Get on the Bus is a 1996 drama film about a group of African-American men who are taking a cross-country bus trip in order to participate in the Million Man March. The film was directed by Spike Lee and premiered on the one-year anniversary of the march. For Spike Lee, this was the first time that he did not act in one of his own films.

Fifteen disparate African American men board a bus in Los Angeles bound for Washington, D.C., where they plan on attending the Million Man March. Other than their race, destination, and gender, the men have nothing in common: George is the trip organizer; Xavier is an aspiring filmmaker hoping to make a documentary of the March; Flip is an openly racist and sexist actor; Kyle and Randall are a homosexual couple; Gary, a police officer, is the sole biracial man on the bus; Jamal is a former gang banger turned devout Muslim who has evaded prosecution for the murders he committed; Evan Jr., is a petty criminal who has been permitted to break probation to attend the march on the condition that he remain handcuffed to his father, Evan Sr.

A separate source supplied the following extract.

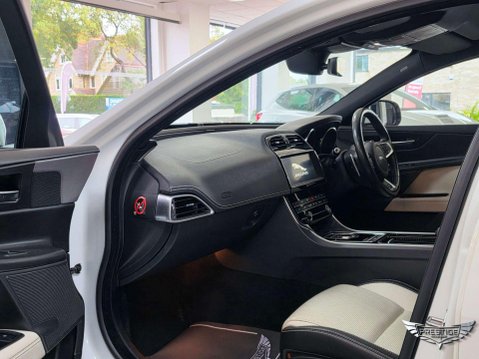 Jaguar XE 2.0i GPF R-Sport Auto Euro 6 (s/s) 4dr 51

As the bus travels across country, Xavier conducts interviews with the various attendees, allowing them to express their views on race, religion, and politics. The interviews often provoke outbursts from other men on the bus, invariably leading to confrontations; the only topic of unity is the O.J. Simpson trial, with the men agreeing that, while Simpson is probably guilty, his acquittal is justified as his victims were a white woman and a Jew. Peace is kept through the various verbal arguments and physical altercations that occur by Jeremiah, the eldest member of the group. Jeremiah, an 80-year-old former alcoholic who lost his job and family, has found new meaning in life by embracing his African heritage; his philosophies on the black experience and stories of precolonial Africa serve to unite the men and ease tensions and the infighting among them.

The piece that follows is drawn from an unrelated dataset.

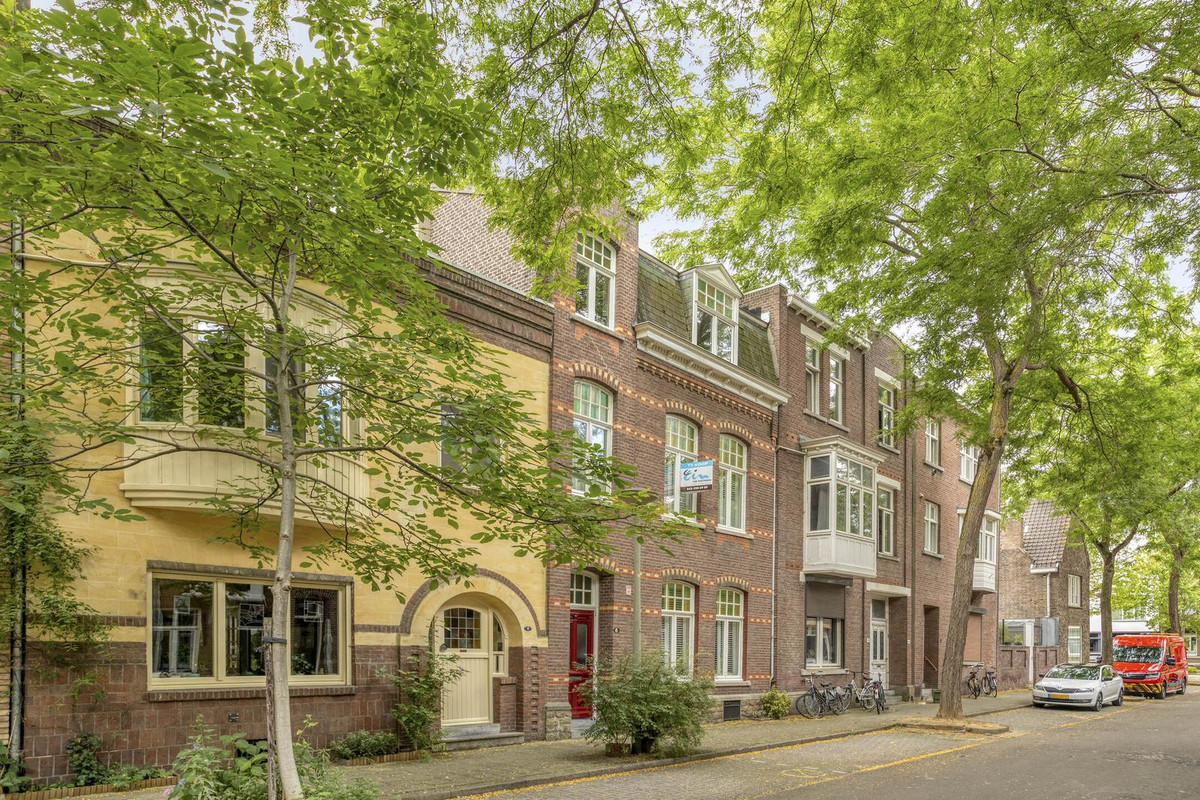Tussenwoning te koop: Lyonnetstraat 6, Maastricht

En route the bus breaks down and the men are forced to board another bus, driven by a ethnically Jewish white man named Rick. Several of the passengers harass Rick with antisemitic remarks and jokes; Rick ultimately refuses to drive any further, citing the group's prejudice and his opposition to antisemitic remarks made by the leader of the march, Louis Farrakhan. George, himself a bus driver, accuses Rick of racism, but begrudgingly agrees to let Rick resign without incident. George takes over driving for the remainder of the trip, with help from Evan Sr.